A few days before Halloween, Boston Beer Co. announced the forthcoming release of Samuel Adams Utopias, a high-strength, high-cost, barrel-aged sipper that company founder Jim Koch says belongs to the “lunatic fringe of extreme beer.” And for fine reason: Utopias, out now for the 10th time since 2002, clocks in at 28% ABV and costs around $200 per bottle.
Given these extreme specs, the media jumped at the announcement, but not merely to cover Utopias as a beer release. Rather, innumerable national magazines, local TV news affiliates, large regional newspapers, and even golf magazines together latched onto one news peg in particular: “Samuel Adams just released a $200 beer that’s illegal in 12 states.” If you’re anything like us, people who spend a goodly amount of each day reading about beer, the online echo chamber was a little odd to say the least. But at least it made for some hilarious Google searches:
Meanwhile, the ubiquitous headline gave way to a ubiquitous story about a singular beer whose alcohol content precluded it from being sold in a dozen states. A fine general interest story! A quirky thing for beer and non-beer people alike! Unfortunately, everyone got it wrong.
To start, it isn’t entirely accurate to say Utopias is banned in 12 states. It’s worse. Utopias isn’t available in 15 states because of individual laws relevant to alcohol thresholds, according to the company. Those states are: Alabama, Arkansas, Georgia, Idaho, Missouri, Mississippi, Montana, New Hampshire, North Carolina, Oklahoma, Oregon, South Carolina, Utah, Vermont, and West Virginia. But the lapse in coverage doesn’t end there. In fact, many—like, very many—publications erroneously made reference to specific states for outlawing the product, despite the product’s current availability in said specific states.

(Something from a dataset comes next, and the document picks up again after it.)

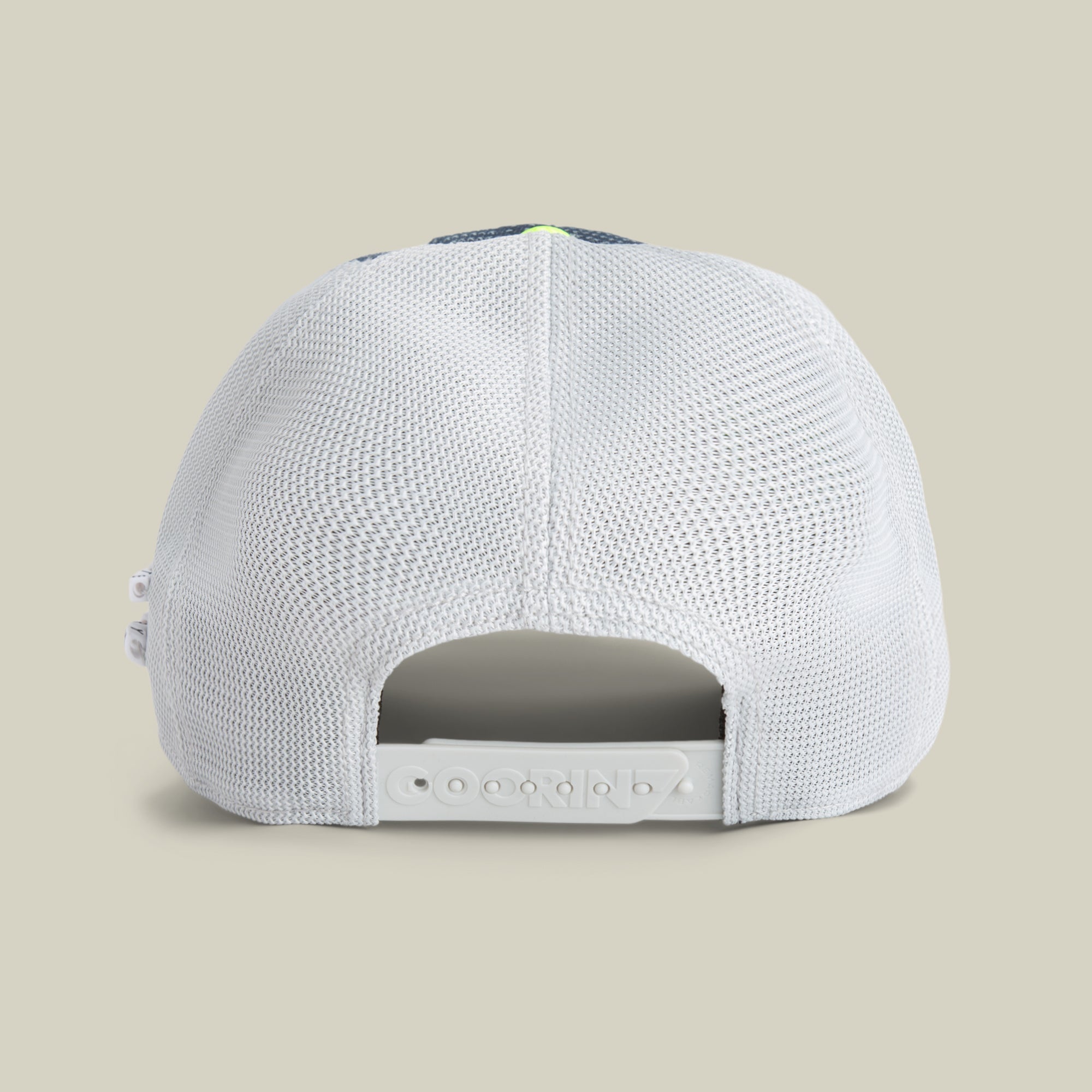 A back view of the white mesh Trance baseball cap by Goorin Bros., featuring an adjustable snapback closure against a beige background—ideal for festivals.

Washington, for instance, has been widely reported as being a state where Utopias would be considered illegal contraband. In reality, though, Washington does not impose an alcohol cap on beer at all and Utopias is already available there (one need only consult Sam’s own beer finder to figure out where in Washington one could procure some Utopias). This has perplexed the state’s Guild.
“I’m not sure why we would have been included on the original list published,” Annie McGrath, executive director of the Washington Brewers Guild, tells GBH. “As I understand it, you can get Utopias at numerous WA retailers now, though I would recommend picking up a WA beer while you're at it.”

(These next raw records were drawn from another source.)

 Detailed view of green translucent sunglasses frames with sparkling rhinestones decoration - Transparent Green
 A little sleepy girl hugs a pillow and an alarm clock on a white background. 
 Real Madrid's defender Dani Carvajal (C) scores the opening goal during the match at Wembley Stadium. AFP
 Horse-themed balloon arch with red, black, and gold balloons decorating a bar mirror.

And Washington isn’t alone. Tennessee has found itself mixed up in all this, too. Although this confusion is a little easier to understand. The Volunteer State does, in fact, limit beer to 8% ABW, or about 10.1% ABV, meaning Utopias is nearly three times stronger than the legal limit. Despite that cap though, Utopias is being sold in Tennessee, contrary to reports. What gives? Reached by GBH, Boston Beer says Utopias actually “falls under a different alcohol beverage category” in Tennessee, absolving of it of required beer cap fealty.

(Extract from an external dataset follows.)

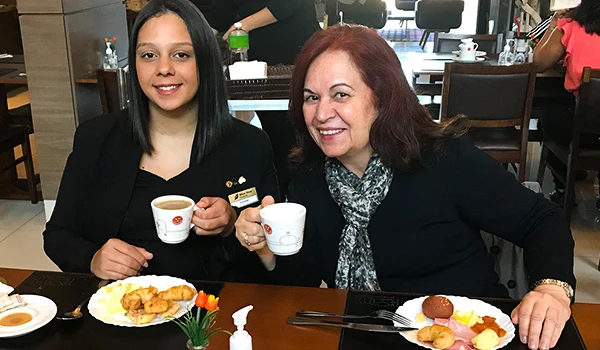 Deusa Rodrigues e funcionária do hotel desfrutam de um café da manhã com pratos típicos e bebidas quentes. Ambiente acolhedor e descontraído.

Regardless, the near-universal amplification of these factual inaccuracies leaves open one major question: How’d this all happen? It’s difficult to say definitively. The company itself made no reference to the product’s legality in any of its own marketing materials (not that marketing materials would or should be considered some sort of be-all end-all). Furthermore, the Utopias coverage has been largely derelict of specific citation, making it difficult to even trace this back assuredly to a single source that got it wrong. One thing’s for sure though: “Samuel Adams just released a $200 beer that’s illegal in 12 states.”